▶ _DATA EXCERPTS_
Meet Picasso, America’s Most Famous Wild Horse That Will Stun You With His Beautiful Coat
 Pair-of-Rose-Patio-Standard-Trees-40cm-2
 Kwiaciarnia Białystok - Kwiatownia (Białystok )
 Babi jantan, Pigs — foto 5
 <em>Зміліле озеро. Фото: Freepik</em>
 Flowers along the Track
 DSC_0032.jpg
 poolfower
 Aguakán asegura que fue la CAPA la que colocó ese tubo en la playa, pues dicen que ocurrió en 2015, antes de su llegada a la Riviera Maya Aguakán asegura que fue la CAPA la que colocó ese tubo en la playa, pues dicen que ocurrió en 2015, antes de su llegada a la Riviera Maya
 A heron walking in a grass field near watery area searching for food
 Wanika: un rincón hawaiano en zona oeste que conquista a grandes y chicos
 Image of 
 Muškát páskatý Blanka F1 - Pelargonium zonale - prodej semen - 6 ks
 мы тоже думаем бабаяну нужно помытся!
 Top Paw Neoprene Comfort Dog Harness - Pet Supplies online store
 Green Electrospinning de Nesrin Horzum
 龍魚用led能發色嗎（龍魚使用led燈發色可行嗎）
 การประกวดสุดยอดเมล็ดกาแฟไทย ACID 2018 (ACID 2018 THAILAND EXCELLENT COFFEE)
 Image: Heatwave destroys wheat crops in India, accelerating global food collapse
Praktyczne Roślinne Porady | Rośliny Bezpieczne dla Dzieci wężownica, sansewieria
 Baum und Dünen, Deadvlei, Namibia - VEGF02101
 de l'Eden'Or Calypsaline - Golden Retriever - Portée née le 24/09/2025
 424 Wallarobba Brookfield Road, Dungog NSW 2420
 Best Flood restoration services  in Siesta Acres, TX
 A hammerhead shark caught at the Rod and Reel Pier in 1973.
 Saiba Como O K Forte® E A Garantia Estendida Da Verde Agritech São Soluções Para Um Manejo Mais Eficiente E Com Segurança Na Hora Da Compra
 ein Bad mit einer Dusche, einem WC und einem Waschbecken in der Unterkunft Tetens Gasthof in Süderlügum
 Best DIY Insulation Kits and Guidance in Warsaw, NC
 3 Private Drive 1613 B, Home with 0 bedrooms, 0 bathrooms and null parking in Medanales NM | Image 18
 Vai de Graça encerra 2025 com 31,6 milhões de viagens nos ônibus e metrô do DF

▶ _WHAT YOU NEED TO DO_
Copy out every line from the records that has the word "Best".

▶ _RESPONSE TO THIS EXERCISE_
 Best Flood restoration services  in Siesta Acres, TX
 Best DIY Insulation Kits and Guidance in Warsaw, NC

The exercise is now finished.